=== Saved data entries ===
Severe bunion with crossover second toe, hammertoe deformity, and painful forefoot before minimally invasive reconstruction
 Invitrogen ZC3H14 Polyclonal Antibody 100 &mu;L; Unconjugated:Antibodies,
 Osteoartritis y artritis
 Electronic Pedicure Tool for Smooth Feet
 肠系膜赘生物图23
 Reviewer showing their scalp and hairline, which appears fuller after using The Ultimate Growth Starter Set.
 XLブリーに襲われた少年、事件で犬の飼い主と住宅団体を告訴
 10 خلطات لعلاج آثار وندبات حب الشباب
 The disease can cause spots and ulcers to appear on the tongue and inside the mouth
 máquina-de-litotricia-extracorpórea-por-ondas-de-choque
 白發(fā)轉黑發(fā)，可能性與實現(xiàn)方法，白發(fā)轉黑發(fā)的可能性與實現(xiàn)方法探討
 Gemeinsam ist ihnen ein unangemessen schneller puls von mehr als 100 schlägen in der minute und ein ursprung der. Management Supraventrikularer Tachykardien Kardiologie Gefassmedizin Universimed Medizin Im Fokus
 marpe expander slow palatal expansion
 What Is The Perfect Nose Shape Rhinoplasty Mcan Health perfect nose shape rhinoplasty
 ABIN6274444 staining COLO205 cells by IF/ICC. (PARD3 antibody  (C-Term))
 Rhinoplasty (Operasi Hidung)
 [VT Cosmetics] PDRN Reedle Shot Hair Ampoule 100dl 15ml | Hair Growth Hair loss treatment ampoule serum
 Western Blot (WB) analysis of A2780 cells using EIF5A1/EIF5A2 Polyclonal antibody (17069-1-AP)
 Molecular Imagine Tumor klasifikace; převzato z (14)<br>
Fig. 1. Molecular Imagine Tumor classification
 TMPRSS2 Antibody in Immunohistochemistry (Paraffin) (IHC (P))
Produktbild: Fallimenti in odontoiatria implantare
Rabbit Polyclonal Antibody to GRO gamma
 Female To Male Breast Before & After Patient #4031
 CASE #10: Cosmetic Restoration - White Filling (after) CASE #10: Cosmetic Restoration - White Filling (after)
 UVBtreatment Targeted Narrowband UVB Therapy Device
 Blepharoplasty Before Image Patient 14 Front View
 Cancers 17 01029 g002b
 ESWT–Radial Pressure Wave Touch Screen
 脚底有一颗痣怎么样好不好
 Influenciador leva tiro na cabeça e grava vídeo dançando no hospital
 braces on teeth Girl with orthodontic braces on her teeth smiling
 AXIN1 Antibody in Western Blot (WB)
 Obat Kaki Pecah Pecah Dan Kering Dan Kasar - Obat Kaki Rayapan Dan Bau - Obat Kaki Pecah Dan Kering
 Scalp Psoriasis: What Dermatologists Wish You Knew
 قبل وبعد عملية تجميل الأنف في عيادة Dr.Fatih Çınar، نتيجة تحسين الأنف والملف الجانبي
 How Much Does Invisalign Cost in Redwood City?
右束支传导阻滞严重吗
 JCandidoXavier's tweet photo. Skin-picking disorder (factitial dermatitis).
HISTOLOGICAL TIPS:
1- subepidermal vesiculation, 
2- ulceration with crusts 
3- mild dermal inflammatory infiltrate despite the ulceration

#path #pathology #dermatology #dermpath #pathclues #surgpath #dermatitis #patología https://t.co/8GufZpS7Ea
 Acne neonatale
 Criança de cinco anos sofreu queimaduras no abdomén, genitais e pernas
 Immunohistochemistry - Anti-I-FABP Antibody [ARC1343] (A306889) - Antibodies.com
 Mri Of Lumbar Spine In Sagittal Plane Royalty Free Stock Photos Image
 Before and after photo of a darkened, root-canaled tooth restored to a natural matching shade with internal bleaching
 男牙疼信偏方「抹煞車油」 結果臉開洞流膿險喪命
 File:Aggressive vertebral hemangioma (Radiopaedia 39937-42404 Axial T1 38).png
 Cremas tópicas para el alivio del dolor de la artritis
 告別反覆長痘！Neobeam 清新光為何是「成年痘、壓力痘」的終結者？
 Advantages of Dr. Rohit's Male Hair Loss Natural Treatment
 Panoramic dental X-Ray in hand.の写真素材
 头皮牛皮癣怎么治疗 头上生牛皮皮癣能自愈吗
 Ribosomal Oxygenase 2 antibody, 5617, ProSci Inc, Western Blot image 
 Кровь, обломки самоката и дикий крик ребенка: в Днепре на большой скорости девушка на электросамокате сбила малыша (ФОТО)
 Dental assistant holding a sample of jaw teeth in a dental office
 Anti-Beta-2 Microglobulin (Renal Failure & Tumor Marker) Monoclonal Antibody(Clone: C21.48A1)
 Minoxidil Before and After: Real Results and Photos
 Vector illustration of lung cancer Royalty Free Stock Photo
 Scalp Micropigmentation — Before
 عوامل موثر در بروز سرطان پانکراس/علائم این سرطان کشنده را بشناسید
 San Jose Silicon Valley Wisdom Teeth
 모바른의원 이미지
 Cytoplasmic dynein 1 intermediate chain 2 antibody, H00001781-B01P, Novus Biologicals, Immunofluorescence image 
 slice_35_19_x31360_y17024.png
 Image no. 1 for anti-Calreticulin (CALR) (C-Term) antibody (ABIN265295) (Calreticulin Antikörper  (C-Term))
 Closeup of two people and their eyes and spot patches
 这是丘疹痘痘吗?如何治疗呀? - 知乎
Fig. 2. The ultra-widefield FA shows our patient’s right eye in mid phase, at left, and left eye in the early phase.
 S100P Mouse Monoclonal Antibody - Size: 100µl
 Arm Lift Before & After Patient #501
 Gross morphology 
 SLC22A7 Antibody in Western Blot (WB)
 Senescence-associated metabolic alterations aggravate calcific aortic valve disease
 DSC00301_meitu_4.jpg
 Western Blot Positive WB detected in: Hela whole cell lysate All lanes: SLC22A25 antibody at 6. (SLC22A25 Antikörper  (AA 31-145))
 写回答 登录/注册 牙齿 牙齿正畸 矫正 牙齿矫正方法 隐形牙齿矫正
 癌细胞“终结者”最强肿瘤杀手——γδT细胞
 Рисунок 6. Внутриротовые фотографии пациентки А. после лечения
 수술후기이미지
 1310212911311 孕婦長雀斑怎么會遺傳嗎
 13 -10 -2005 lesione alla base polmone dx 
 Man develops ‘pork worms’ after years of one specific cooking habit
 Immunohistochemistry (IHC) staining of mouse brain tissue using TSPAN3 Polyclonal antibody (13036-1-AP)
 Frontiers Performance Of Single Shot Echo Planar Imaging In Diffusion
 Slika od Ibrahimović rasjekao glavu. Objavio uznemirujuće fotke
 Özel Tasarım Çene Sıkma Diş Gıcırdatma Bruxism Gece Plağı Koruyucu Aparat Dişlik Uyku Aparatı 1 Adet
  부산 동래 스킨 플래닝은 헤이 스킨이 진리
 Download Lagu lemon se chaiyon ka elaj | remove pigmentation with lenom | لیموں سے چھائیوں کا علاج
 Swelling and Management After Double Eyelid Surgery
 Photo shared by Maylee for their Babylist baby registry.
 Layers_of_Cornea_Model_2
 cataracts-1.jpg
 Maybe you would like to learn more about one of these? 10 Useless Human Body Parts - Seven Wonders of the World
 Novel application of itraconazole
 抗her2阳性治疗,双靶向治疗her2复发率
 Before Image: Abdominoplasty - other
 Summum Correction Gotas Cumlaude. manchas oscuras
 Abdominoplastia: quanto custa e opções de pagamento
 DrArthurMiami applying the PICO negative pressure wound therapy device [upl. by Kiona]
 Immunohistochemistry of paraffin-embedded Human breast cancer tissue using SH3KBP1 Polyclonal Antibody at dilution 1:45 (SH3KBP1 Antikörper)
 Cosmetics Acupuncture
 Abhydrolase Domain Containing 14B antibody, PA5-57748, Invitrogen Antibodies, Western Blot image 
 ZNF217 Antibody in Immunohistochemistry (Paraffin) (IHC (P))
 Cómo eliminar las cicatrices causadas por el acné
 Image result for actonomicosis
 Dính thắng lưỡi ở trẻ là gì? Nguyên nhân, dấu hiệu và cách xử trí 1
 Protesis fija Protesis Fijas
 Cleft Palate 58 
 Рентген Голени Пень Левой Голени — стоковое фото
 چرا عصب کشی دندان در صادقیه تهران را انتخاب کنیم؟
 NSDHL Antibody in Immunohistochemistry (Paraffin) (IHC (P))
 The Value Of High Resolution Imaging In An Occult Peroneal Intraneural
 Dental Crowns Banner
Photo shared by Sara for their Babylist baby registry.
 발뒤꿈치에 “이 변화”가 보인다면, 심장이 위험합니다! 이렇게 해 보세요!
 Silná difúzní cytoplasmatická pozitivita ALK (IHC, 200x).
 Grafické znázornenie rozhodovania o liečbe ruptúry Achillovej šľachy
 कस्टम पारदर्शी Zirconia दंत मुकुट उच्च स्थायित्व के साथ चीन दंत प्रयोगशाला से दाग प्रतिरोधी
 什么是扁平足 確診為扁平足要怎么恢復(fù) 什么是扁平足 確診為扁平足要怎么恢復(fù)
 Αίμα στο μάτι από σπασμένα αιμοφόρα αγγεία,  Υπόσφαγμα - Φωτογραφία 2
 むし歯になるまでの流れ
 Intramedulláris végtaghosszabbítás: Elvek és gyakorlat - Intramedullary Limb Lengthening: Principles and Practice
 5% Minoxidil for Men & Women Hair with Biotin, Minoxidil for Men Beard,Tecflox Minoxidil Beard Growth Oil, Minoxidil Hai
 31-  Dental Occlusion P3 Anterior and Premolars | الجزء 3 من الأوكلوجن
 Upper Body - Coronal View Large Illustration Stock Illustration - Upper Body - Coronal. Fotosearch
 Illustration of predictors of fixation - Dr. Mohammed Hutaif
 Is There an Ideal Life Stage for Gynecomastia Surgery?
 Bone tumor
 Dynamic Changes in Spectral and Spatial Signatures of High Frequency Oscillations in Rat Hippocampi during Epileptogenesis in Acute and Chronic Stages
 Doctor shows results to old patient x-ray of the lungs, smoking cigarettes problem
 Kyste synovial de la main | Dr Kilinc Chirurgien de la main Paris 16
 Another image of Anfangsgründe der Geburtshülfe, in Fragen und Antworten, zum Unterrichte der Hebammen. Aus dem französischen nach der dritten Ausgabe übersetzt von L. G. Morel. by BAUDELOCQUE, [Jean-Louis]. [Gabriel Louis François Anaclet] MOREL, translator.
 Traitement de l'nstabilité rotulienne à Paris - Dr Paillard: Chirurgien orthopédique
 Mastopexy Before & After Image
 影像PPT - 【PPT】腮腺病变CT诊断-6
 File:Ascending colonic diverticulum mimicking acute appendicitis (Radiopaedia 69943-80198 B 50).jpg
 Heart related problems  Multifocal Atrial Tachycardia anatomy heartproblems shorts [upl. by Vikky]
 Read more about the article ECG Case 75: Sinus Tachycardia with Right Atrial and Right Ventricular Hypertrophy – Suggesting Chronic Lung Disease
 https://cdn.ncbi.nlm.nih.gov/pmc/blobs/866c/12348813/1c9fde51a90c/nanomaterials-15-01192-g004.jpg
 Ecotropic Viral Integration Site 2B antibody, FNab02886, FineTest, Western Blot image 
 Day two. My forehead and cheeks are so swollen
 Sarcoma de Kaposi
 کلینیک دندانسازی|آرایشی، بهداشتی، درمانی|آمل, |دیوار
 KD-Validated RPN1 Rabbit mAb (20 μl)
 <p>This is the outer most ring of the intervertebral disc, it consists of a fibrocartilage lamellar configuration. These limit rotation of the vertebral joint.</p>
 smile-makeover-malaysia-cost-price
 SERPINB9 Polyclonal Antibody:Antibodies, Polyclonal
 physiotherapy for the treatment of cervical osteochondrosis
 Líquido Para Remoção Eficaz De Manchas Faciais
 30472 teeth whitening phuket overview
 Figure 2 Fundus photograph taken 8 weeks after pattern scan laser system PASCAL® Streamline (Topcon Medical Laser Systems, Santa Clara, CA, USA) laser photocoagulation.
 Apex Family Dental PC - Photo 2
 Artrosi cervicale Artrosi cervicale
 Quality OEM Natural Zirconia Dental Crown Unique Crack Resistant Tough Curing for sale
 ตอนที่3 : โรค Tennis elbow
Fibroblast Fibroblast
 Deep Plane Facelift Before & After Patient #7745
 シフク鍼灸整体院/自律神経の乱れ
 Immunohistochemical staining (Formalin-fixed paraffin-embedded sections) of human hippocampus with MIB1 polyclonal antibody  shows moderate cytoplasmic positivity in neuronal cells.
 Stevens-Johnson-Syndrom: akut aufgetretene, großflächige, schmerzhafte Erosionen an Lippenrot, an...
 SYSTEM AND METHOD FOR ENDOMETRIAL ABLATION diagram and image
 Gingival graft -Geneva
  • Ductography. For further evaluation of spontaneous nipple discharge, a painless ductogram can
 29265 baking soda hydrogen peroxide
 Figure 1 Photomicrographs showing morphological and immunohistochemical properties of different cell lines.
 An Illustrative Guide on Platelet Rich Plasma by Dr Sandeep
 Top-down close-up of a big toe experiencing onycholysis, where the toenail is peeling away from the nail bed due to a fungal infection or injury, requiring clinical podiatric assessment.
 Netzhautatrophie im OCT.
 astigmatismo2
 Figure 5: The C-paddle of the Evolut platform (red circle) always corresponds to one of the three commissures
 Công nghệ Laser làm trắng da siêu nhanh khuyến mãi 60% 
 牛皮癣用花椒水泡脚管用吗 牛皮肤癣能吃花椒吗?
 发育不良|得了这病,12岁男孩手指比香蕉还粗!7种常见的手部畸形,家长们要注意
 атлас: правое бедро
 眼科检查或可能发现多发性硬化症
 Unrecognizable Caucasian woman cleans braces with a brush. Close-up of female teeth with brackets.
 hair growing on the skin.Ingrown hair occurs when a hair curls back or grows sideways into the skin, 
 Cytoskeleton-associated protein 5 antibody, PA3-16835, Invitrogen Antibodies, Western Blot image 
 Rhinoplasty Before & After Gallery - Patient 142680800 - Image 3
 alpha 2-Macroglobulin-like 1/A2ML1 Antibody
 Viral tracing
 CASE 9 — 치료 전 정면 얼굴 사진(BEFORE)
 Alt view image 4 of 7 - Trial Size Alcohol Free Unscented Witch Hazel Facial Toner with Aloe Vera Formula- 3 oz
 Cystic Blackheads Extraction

=== What you should do ===
Please count how many lines of the records include "Surgery", giving the number and nothing else.

=== Output of the exercise ===
2